#### The data
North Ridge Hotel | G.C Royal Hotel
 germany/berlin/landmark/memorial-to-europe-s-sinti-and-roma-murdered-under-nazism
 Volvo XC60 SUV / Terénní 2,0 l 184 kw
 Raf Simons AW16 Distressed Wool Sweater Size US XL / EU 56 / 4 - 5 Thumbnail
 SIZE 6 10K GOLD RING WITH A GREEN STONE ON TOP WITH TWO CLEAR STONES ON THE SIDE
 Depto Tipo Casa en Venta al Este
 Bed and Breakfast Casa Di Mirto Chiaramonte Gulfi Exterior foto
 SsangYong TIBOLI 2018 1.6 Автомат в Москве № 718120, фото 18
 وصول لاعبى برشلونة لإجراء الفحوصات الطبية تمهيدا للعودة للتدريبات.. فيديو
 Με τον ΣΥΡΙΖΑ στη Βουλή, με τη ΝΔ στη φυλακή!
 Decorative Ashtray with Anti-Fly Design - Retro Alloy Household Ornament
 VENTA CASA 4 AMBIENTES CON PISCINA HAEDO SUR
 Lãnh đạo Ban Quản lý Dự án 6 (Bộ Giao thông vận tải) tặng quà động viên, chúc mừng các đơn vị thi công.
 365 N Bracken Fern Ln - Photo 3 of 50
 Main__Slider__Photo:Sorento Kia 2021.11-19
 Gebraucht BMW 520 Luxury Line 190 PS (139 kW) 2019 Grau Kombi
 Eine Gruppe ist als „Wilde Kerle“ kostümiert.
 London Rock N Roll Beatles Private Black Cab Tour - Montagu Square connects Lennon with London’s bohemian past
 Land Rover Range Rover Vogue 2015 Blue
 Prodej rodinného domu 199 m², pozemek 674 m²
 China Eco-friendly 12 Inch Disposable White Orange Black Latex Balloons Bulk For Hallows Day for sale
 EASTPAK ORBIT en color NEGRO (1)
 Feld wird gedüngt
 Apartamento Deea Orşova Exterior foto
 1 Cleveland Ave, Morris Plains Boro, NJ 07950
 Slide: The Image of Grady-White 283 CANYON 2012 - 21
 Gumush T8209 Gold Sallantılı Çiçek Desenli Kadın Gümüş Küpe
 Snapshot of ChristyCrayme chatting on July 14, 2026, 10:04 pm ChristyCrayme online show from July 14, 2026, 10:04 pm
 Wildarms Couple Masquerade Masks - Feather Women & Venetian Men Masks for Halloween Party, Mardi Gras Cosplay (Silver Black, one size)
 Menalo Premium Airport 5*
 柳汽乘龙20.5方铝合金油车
########
- What this task involves: Would you output every entry exactly as it was written?

- Exercise answer:
North Ridge Hotel | G.C Royal Hotel
 germany/berlin/landmark/memorial-to-europe-s-sinti-and-roma-murdered-under-nazism
 Volvo XC60 SUV / Terénní 2,0 l 184 kw
 Raf Simons AW16 Distressed Wool Sweater Size US XL / EU 56 / 4 - 5 Thumbnail
 SIZE 6 10K GOLD RING WITH A GREEN STONE ON TOP WITH TWO CLEAR STONES ON THE SIDE
 Depto Tipo Casa en Venta al Este
 Bed and Breakfast Casa Di Mirto Chiaramonte Gulfi Exterior foto
 SsangYong TIBOLI 2018 1.6 Автомат в Москве № 718120, фото 18
 وصول لاعبى برشلونة لإجراء الفحوصات الطبية تمهيدا للعودة للتدريبات.. فيديو
 Με τον ΣΥΡΙΖΑ στη Βουλή, με τη ΝΔ στη φυλακή!
 Decorative Ashtray with Anti-Fly Design - Retro Alloy Household Ornament
 VENTA CASA 4 AMBIENTES CON PISCINA HAEDO SUR
 Lãnh đạo Ban Quản lý Dự án 6 (Bộ Giao thông vận tải) tặng quà động viên, chúc mừng các đơn vị thi công.
 365 N Bracken Fern Ln - Photo 3 of 50
 Main__Slider__Photo:Sorento Kia 2021.11-19
 Gebraucht BMW 520 Luxury Line 190 PS (139 kW) 2019 Grau Kombi
 Eine Gruppe ist als „Wilde Kerle“ kostümiert.
 London Rock N Roll Beatles Private Black Cab Tour - Montagu Square connects Lennon with London’s bohemian past
 Land Rover Range Rover Vogue 2015 Blue
 Prodej rodinného domu 199 m², pozemek 674 m²
 China Eco-friendly 12 Inch Disposable White Orange Black Latex Balloons Bulk For Hallows Day for sale
 EASTPAK ORBIT en color NEGRO (1)
 Feld wird gedüngt
 Apartamento Deea Orşova Exterior foto
 1 Cleveland Ave, Morris Plains Boro, NJ 07950
 Slide: The Image of Grady-White 283 CANYON 2012 - 21
 Gumush T8209 Gold Sallantılı Çiçek Desenli Kadın Gümüş Küpe
 Snapshot of ChristyCrayme chatting on July 14, 2026, 10:04 pm ChristyCrayme online show from July 14, 2026, 10:04 pm
 Wildarms Couple Masquerade Masks - Feather Women & Venetian Men Masks for Halloween Party, Mardi Gras Cosplay (Silver Black, one size)
 Menalo Premium Airport 5*
 柳汽乘龙20.5方铝合金油车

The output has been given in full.